++++ Records for this exercise ++++

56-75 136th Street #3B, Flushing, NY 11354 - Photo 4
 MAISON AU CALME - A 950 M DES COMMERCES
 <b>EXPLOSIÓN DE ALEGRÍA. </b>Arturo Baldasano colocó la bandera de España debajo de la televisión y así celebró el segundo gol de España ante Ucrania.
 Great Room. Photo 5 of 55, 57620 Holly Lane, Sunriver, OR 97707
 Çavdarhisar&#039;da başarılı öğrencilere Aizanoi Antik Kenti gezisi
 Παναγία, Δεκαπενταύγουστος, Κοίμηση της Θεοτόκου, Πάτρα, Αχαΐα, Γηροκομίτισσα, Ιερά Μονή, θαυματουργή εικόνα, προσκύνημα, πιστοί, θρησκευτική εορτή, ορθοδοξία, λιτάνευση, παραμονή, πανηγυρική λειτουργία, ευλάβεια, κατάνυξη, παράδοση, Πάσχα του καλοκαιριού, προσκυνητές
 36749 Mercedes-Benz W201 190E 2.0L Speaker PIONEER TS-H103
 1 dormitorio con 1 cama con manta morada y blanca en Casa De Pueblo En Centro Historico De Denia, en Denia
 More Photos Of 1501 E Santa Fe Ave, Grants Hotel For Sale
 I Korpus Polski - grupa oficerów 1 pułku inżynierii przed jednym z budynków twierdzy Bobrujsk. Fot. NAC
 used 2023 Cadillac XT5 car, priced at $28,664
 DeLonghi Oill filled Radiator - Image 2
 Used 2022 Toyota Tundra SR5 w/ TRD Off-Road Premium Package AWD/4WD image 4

++++

» **Problem to work on**:
A word-for-word copy of the data is what should be returned.

» **Written answer**:
56-75 136th Street #3B, Flushing, NY 11354 - Photo 4
 MAISON AU CALME - A 950 M DES COMMERCES
 <b>EXPLOSIÓN DE ALEGRÍA. </b>Arturo Baldasano colocó la bandera de España debajo de la televisión y así celebró el segundo gol de España ante Ucrania.
 Great Room. Photo 5 of 55, 57620 Holly Lane, Sunriver, OR 97707
 Çavdarhisar&#039;da başarılı öğrencilere Aizanoi Antik Kenti gezisi
 Παναγία, Δεκαπενταύγουστος, Κοίμηση της Θεοτόκου, Πάτρα, Αχαΐα, Γηροκομίτισσα, Ιερά Μονή, θαυματουργή εικόνα, προσκύνημα, πιστοί, θρησκευτική εορτή, ορθοδοξία, λιτάνευση, παραμονή, πανηγυρική λειτουργία, ευλάβεια, κατάνυξη, παράδοση, Πάσχα του καλοκαιριού, προσκυνητές
 36749 Mercedes-Benz W201 190E 2.0L Speaker PIONEER TS-H103
 1 dormitorio con 1 cama con manta morada y blanca en Casa De Pueblo En Centro Historico De Denia, en Denia
 More Photos Of 1501 E Santa Fe Ave, Grants Hotel For Sale
 I Korpus Polski - grupa oficerów 1 pułku inżynierii przed jednym z budynków twierdzy Bobrujsk. Fot. NAC
 used 2023 Cadillac XT5 car, priced at $28,664
 DeLonghi Oill filled Radiator - Image 2
 Used 2022 Toyota Tundra SR5 w/ TRD Off-Road Premium Package AWD/4WD image 4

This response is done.